Had she brushed against Van Horn at the preservation society headquarters? No, she’d only touched his hand. Besides, he had been wearing dark pants and a white shirt at the time, so he must have changed clothes later in the day. Of course the hairs could have transferred from the first set of clothes when he picked up the second. They could have clung to the chair she sat in when speaking with Edward Corliss, and then Van Horn sat there later and picked them up. The chairs were hard wood, no upholstery, which made it unlikely but not impossible. But four hairs?
Her heart began to beat faster and she told it not to. She had no reason to be upset. Golden retriever mixes and black cats were hardly uncommon in the Cleveland area. She had no reason to believe that these particular hairs came from her two particular animals. Perhaps Van Horn’s landlady also happened to have a golden retriever mix and a black, half-Persian cat. Last night the woman had spoken to the victim. Perhaps she and Van Horn were more than friends.
And perhaps Theresa needed to be a whole lot more careful about how she handled evidence. Any defense attorney in the city would jump at the chance to point
that
out in court.
Isn’t it true, Ms. MacLean, that you have a letter of reprimand in your personnel file for contaminating evidence?…

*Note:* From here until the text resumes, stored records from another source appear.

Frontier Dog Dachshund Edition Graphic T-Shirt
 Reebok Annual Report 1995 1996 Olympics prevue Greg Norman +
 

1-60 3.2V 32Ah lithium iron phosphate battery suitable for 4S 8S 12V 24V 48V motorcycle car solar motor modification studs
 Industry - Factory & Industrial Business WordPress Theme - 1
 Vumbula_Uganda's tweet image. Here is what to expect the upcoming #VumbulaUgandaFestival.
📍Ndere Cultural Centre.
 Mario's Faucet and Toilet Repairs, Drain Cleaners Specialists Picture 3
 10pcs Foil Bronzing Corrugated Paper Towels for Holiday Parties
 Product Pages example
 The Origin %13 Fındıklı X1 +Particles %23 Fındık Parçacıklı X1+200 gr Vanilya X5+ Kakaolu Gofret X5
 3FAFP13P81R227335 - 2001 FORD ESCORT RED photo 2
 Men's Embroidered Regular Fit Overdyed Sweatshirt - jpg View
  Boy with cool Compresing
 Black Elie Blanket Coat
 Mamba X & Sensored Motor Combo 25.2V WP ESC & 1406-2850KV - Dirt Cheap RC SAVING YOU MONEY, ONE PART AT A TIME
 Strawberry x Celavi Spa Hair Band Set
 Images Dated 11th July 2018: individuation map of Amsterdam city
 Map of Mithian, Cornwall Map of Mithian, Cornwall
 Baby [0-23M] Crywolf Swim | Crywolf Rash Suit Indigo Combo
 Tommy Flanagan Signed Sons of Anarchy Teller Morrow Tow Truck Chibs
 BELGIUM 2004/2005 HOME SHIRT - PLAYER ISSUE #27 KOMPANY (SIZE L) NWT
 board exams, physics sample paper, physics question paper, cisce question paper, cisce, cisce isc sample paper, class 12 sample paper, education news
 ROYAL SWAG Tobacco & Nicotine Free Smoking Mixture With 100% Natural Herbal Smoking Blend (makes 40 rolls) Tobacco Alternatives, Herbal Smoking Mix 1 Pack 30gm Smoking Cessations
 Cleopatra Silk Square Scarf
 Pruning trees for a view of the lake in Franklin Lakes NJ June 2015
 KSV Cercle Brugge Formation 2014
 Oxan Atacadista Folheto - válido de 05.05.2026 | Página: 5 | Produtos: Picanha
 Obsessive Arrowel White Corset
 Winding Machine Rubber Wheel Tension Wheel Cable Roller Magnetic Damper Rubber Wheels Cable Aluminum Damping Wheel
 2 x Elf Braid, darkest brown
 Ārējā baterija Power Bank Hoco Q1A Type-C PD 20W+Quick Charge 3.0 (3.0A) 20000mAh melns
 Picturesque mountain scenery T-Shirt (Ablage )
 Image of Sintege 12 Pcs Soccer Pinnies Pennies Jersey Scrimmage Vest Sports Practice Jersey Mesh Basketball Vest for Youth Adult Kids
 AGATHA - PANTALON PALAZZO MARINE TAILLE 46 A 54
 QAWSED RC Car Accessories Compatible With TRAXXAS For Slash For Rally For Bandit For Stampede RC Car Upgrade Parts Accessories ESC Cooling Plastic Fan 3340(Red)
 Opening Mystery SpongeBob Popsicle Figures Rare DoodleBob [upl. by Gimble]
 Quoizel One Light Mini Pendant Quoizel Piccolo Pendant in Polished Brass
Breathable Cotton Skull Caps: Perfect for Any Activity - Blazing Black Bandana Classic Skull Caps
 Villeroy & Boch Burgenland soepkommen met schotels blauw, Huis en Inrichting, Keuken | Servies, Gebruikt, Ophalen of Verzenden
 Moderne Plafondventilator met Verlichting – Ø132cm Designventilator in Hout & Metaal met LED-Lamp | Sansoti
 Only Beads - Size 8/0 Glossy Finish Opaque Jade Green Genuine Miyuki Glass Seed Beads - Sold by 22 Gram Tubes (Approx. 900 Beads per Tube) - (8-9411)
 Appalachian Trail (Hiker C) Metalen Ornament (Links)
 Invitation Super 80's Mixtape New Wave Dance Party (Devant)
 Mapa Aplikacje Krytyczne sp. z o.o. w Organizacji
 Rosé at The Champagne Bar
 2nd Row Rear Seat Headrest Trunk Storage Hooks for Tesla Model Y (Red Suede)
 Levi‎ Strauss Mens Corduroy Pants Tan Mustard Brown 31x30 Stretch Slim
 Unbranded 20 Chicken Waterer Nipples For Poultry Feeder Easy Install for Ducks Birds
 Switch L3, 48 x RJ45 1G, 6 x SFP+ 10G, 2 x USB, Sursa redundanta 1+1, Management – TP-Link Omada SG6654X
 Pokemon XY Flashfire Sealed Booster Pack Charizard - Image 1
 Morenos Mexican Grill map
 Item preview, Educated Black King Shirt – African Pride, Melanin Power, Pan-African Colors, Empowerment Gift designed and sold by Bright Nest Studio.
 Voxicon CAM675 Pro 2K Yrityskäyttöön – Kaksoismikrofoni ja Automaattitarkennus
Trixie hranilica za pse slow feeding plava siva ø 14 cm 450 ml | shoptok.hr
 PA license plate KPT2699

What to do now? She could note the hairs and their description and leave it at that. She could note the hairs and add “possible examiner contamination” and hope that no one would ever delve deeply enough into the case to notice. Or she could tell somebody. This would invite at best a tongue-lashing from Leo, or at worst some sort of disciplinary procedure that he would probably make up as he went along and might involve everything from remedial training to suspension. And with Rachael in college, Theresa couldn’t afford to lose even a few pennies from her paycheck.
Didn’t matter. She’d have to inform her supervisor, and the sooner the better. In any sort of law enforcement position, the cover-up always screwed you worse than the actual crime.
Theresa got her purse from her desk, locked up the lab, and headed for the crime scene.